I don't know anything about professional writing for the Internet, but I think you have an advantage that doesn't exist for many aspiring writers...

You undoubtedly have a local newspaper in your area (Idaho, right???), and maybe you have more than one if you widen the "area" you consider "yours."

Find a story that hasn't been covered in your area (could be a local person who actually has a colorful and newsworthy story...or a local kid growing up who is determined to be [whatever is most improbable in your area] and has [this at least vaguely newsworthy thing] to show for it...or a niche athlete (fencing, or something equally off-the-beaten track)...or some not-yet-told local history story that you've researched and can write up in an interesting way.

Go in to the paper, talk to the editor or assistant editor, tell them you want to write a local-themed story about [name your subject], and might they be interested in printing it?

Learn to write in newspaper fashion (the five "W's"---who, what, when, why, and where---plus the "H" (how), and make sure your story has ALL of them...how to write in an "inverted triangle" (most important facts at the top of the story, tapering down to the least important things)...and how to format the stories you submit (ask the editors how THEY want submitted pages formatted, learn that way, and then check with online sources to see if the evolving larger world has tweaked that basic template, because it probably HAS).

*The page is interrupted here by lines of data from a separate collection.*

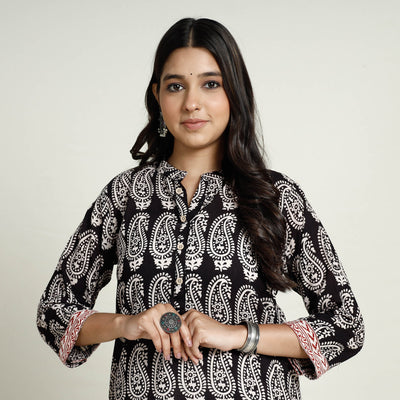 Black - Block Print Mul Cotton Straight Bagh Kurta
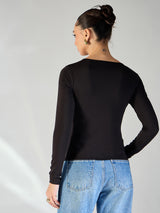 Women's Black and Golden Casual Cut-Out Top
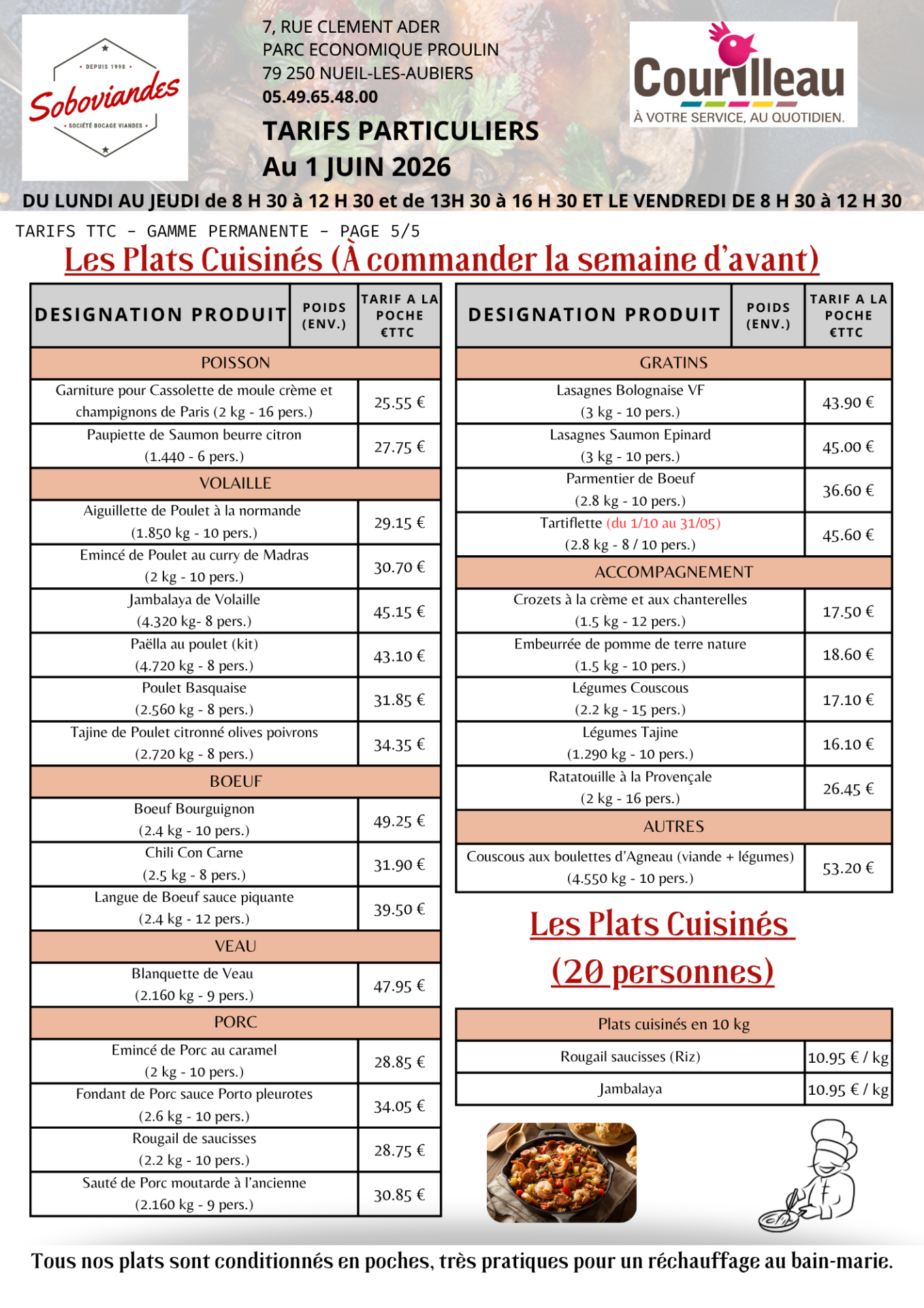 Tarifs particuliers 5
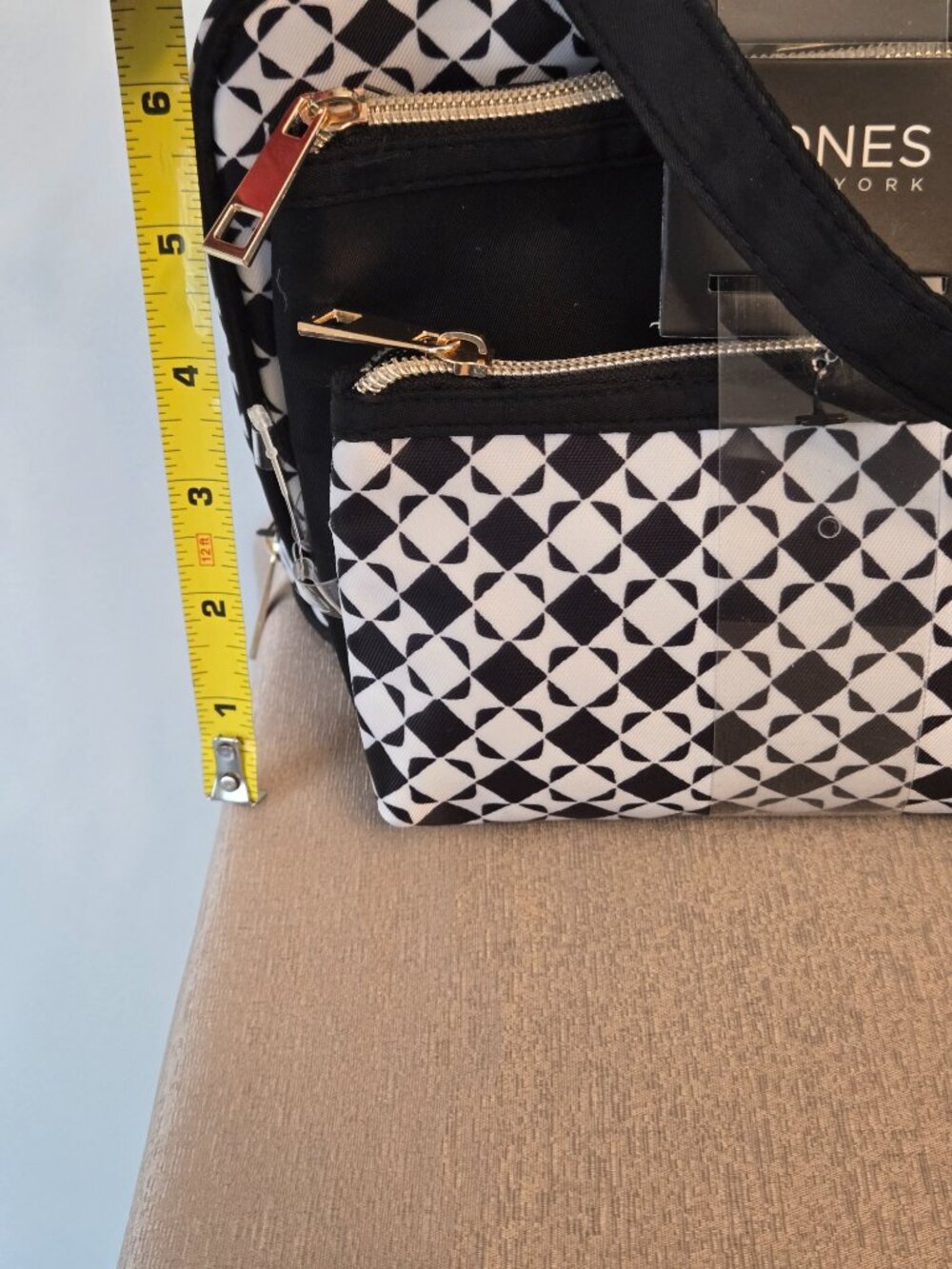 NWT Jones New York 5-Piece Travel Cosmetic Bag Set Black White TSA Toiletry Orga - Picture 4 of 11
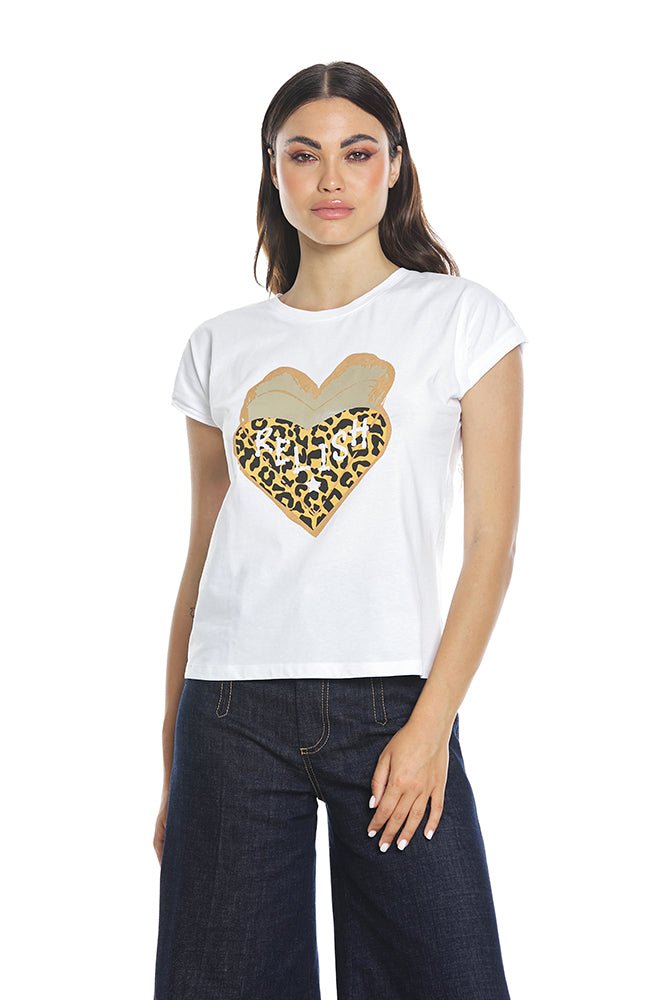 T-Shirt Apust M/M C/Stampa Cuore art. RDP2401033031 Donna Relish Primavera Estate 2024 - Denny Store Italia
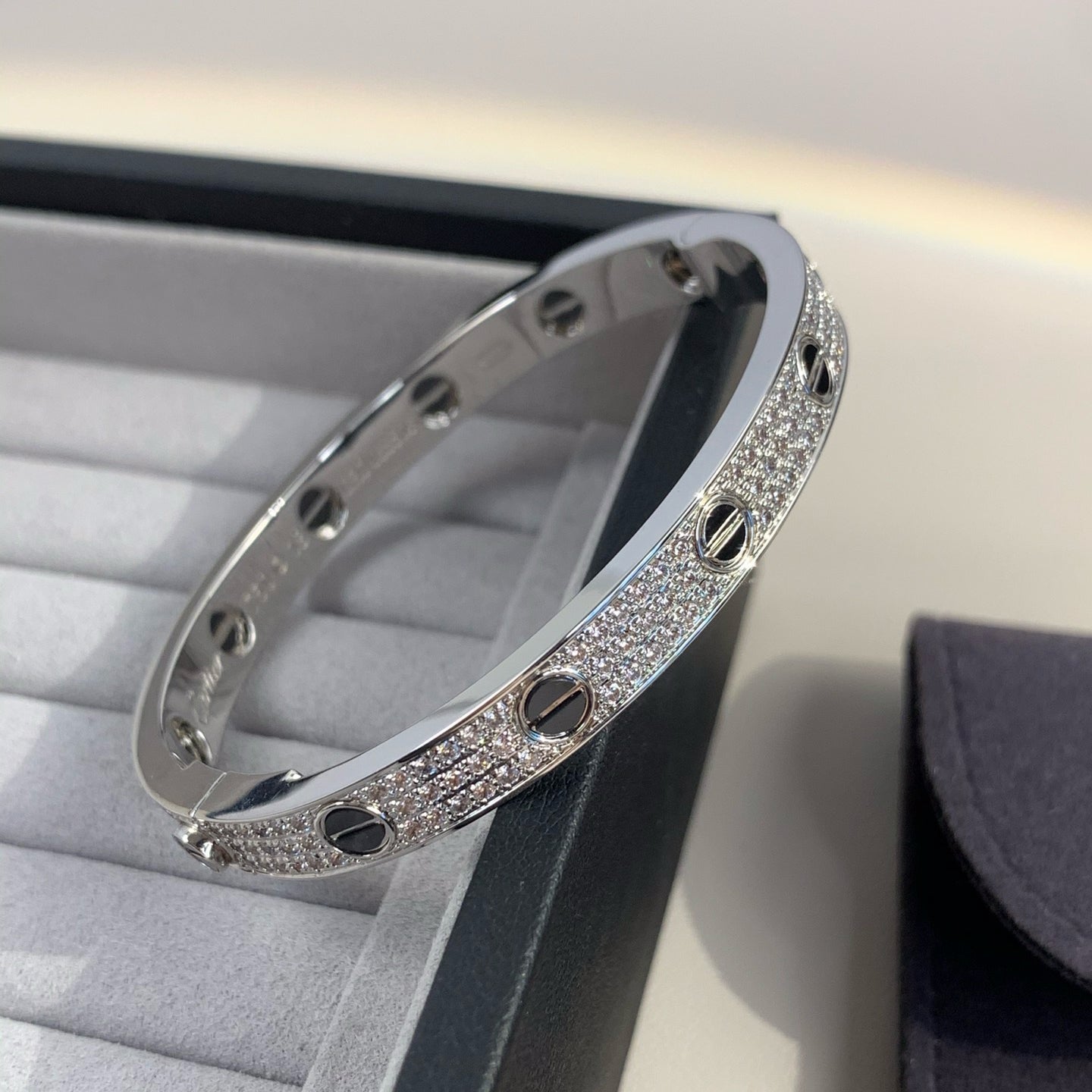 [Panda Jewelry]LOVE BRACELET 6.1MM DIAMOND-PAVED CERAMIC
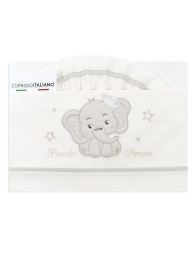 Cot bed sheet set cotton - Elephant Cream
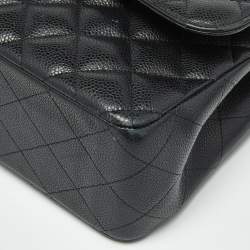 Pre Owned Chanel Black Quilted Caviar Leather Jumbo Classic Double Flap Bag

You could volunteer to write obituaries ("obits"), engagement and wedding stories, baby and adoption announcements, and whatever store openings or local community service announcements they have in your area, or maybe do a series of reviews of films at your local theatres, perhaps in conjunction with those theatres (bring in this coupon attached to the story and get your popcorn for $1.00 off)---realizing that your reviews are going to have to be POSITIVE reviews so that you're actually bringing in admissions to those films...

The object is to get credits: actually published pieces (which you are VERY unlikely to get paid for, but which, in the real world, count as legitimate professional writing credits).

Past my first actual credit (a sale to Archie Comics for $25 when I was ten), I went in to our local newspaper (the Woodland Hills REPORTER, which no longer exists) and began writing MANY articles about my Camp Fire group's activities, about things interesting to our local community re: the junior high the Woodland Hills kids went to, and then the senior high Woodland Hills kids went to. Add in one extremely bad poem about the beginning of the school year, and a few additional articles about things of interest to Woodland Hills (I learned all about our community history, and did a brief history series for awhile, with file photos of "the way [a given place] USED to be" (like the park, then in ruins, which was part of the original attraction to our community when it was called Girard...and some human interest profiles of actually interesting people who had lived in Woodland Hills since those early "Girard" days).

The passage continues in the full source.